BEGIN Input

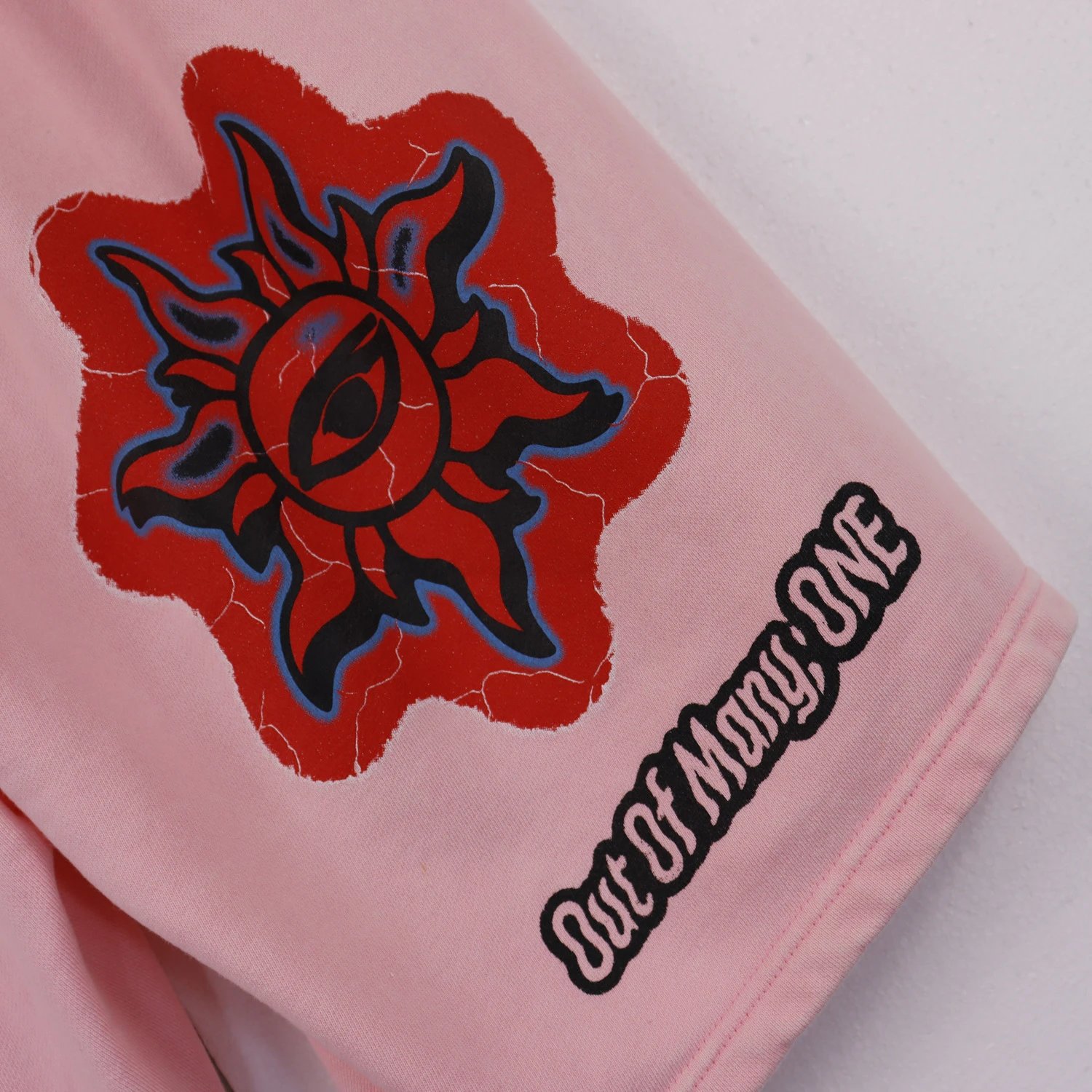 GRA Manifesto Shorts Pink - 5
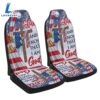 Jesus Christ Cross Christmas Be Still Know That I Am God Seat Cover Cars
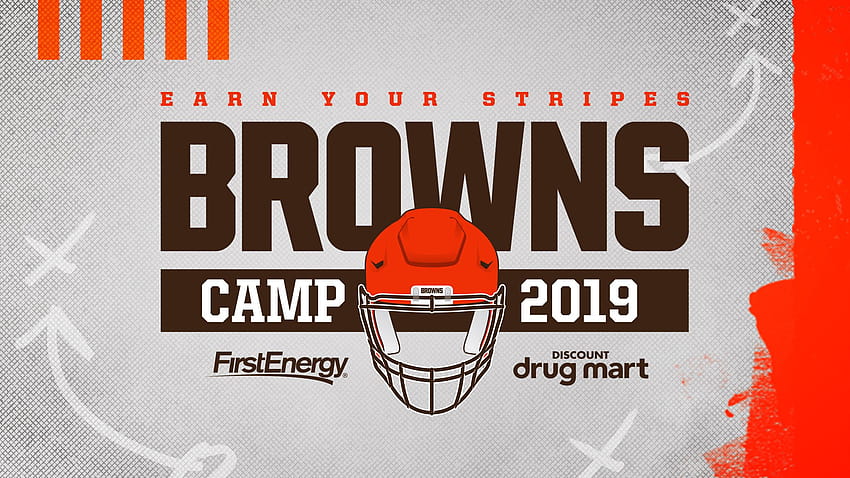 Kamp Pelatihan Browns 2019, cleveland browns 2019 Wallpaper HD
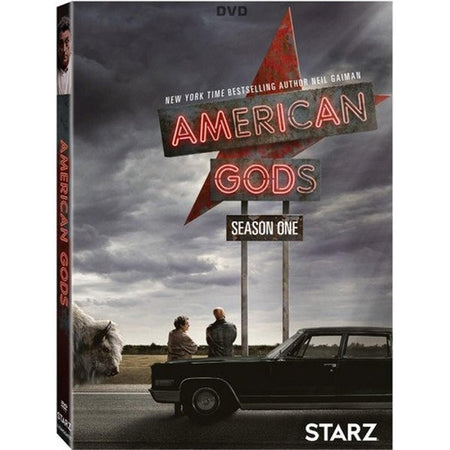 American Gods: Season One [DVD Box Set] DVDs & Blu-Rays Lionsgate Films   
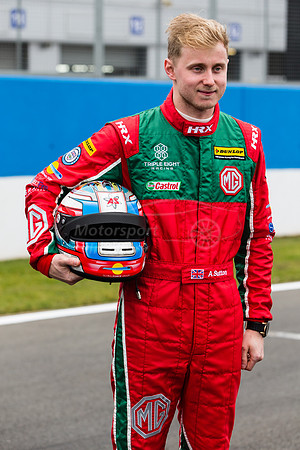 Ashley Sutton  MG Racing RCIB Insurance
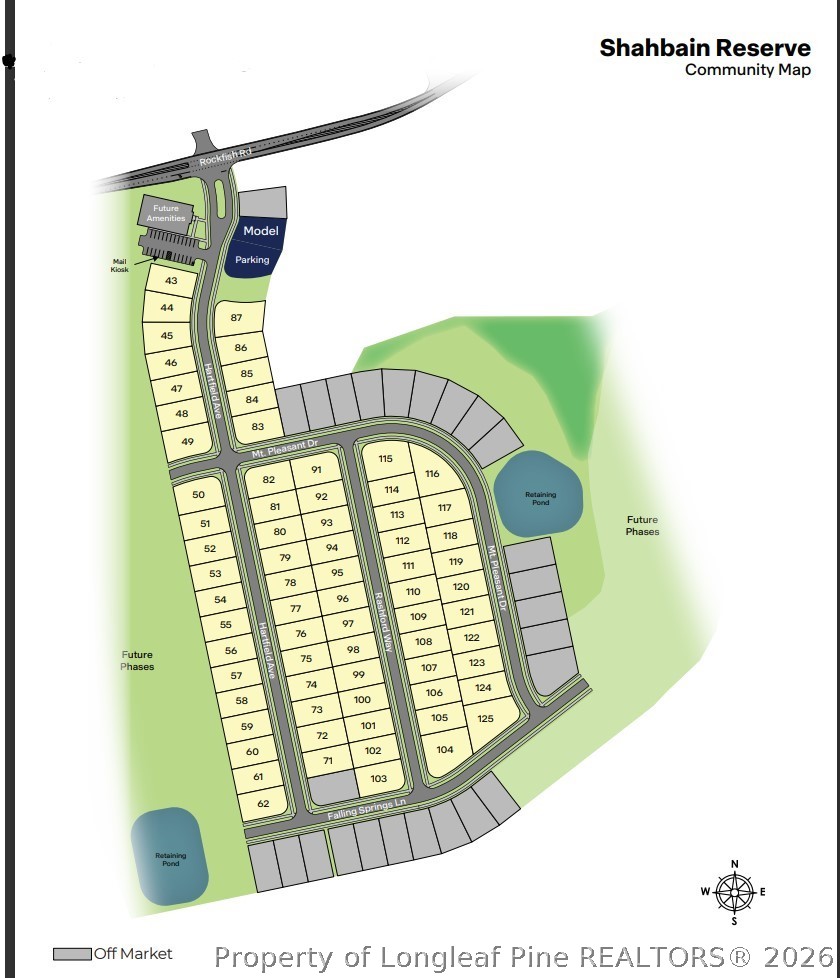 128 Rashford Way Raeford, NC 28376 - Photo 30 of 31 Site Map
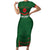 Custom Bangladesh Cricket Short Sleeve Bodycon Dress Go Tigers Sporty Version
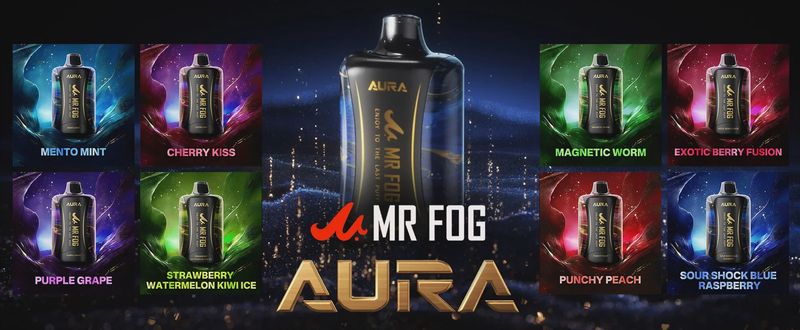 MR FOG AURA ORIGINAL 60K DISPOSABLE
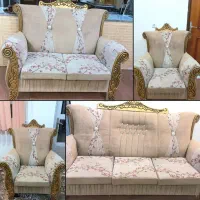 مبل ۷نفره بههمراه میز و عسلی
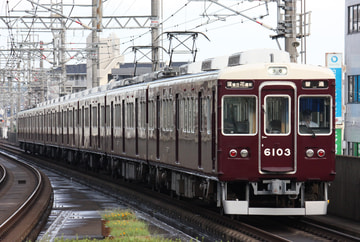 阪急電鉄 平井車庫 6000系 6003F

END Input

## Instructions to follow
Please write the material out again exactly as shown above, minus any pictures.

## Response
 GRA Manifesto Shorts Pink - 5
 Jesus Christ Cross Christmas Be Still Know That I Am God Seat Cover Cars
 Kamp Pelatihan Browns 2019, cleveland browns 2019 Wallpaper HD
 American Gods: Season One [DVD Box Set] DVDs & Blu-Rays Lionsgate Films   
 Ashley Sutton  MG Racing RCIB Insurance
 128 Rashford Way Raeford, NC 28376 - Photo 30 of 31 Site Map
 Custom Bangladesh Cricket Short Sleeve Bodycon Dress Go Tigers Sporty Version
 MR FOG AURA ORIGINAL 60K DISPOSABLE
 مبل ۷نفره بههمراه میز و عسلی
 阪急電鉄 平井車庫 6000系 6003F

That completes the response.